Records supplied section start

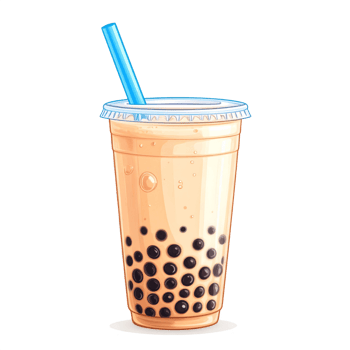 Creamy Beige Bubble Tea in Plastic Cup with Blue Straw png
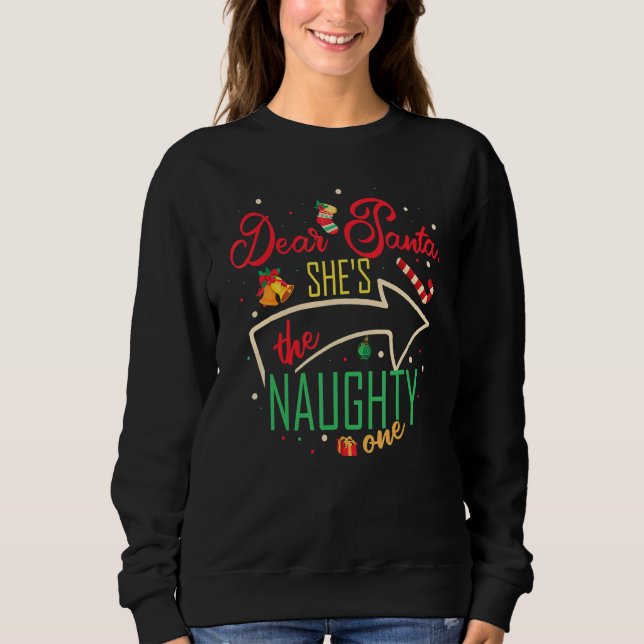 Sweatshirt Cher Père Noël Elle est la méchante Soeur Un Frère (Devant)
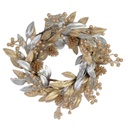 Coroncina foglie argento oro cm ø45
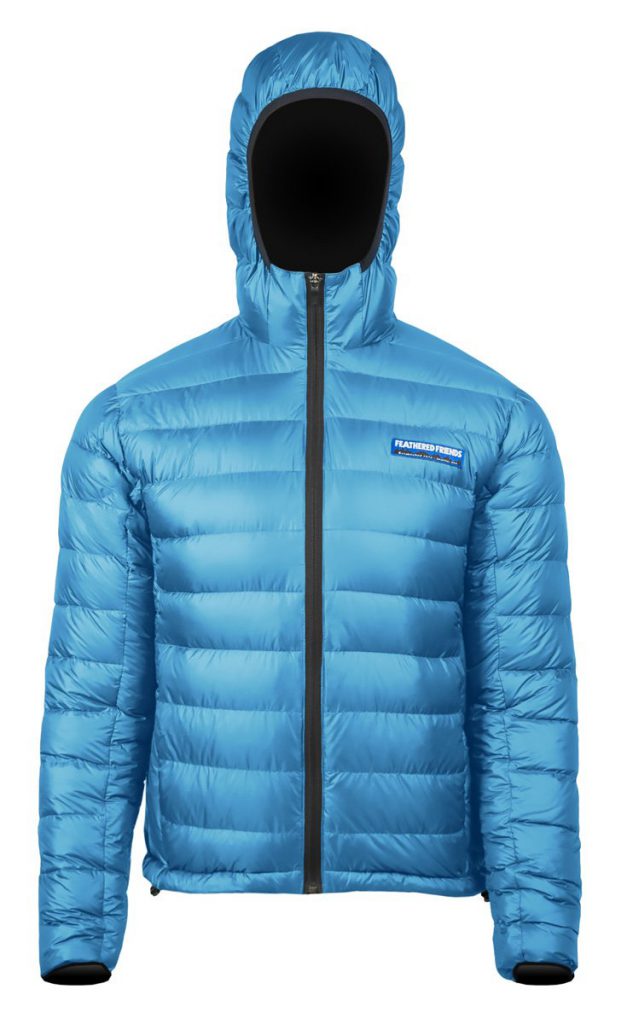 Feathered Friends - Eos men's 900 fill down jacket - light blue color - front view - outdooreer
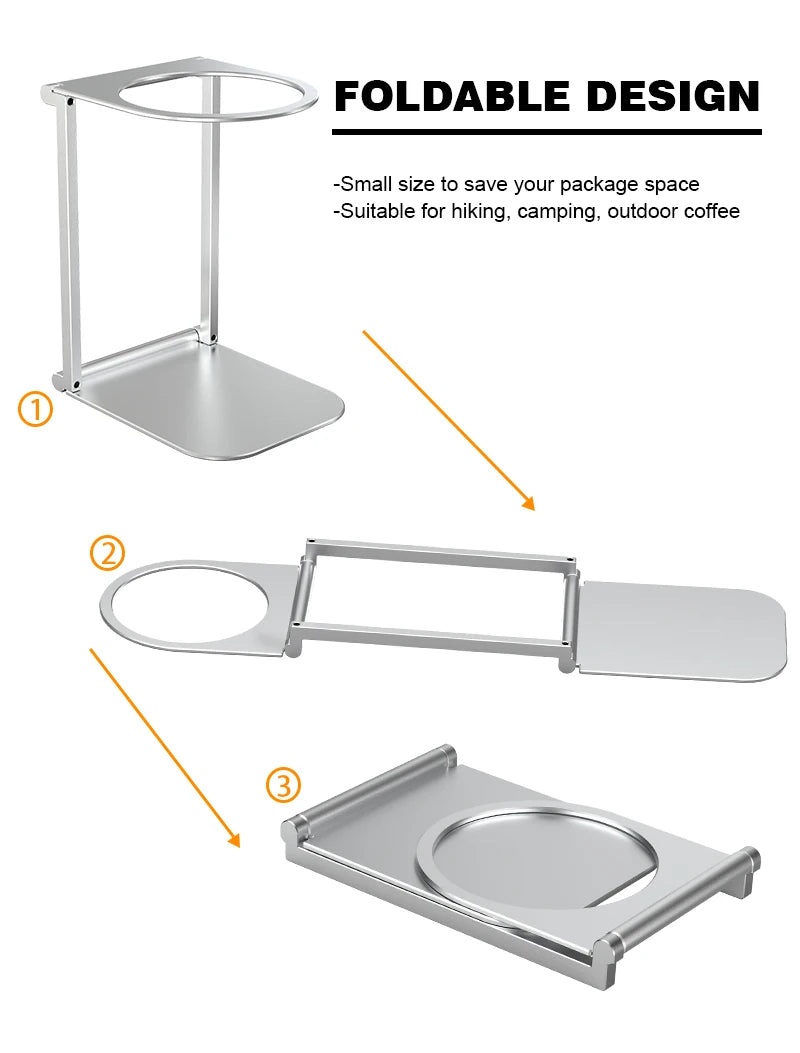 Schéma en 3 étapes du support DENOKIN pliable en aluminium pour machine à expresso portable, compact et facile à transporter.
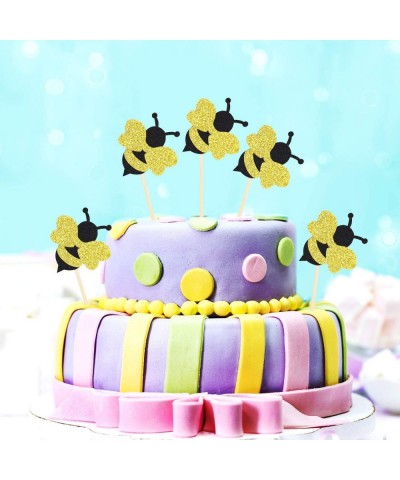 Gold Glitter Bumble Bee Cupcake Toppers Party Favor Decoration Cake Decoration for Birthday Party- Baby Shower- Wedding - 24 ...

Records supplied section end

Requirement:
Transcribe every line in the entries above, taking out only the images.

Output for this task:
 Creamy Beige Bubble Tea in Plastic Cup with Blue Straw png
 Sweatshirt Cher Père Noël Elle est la méchante Soeur Un Frère (Devant)
 Coroncina foglie argento oro cm ø45
 Feathered Friends - Eos men's 900 fill down jacket - light blue color - front view - outdooreer
 Schéma en 3 étapes du support DENOKIN pliable en aluminium pour machine à expresso portable, compact et facile à transporter.
 Gold Glitter Bumble Bee Cupcake Toppers Party Favor Decoration Cake Decoration for Birthday Party- Baby Shower- Wedding - 24 ...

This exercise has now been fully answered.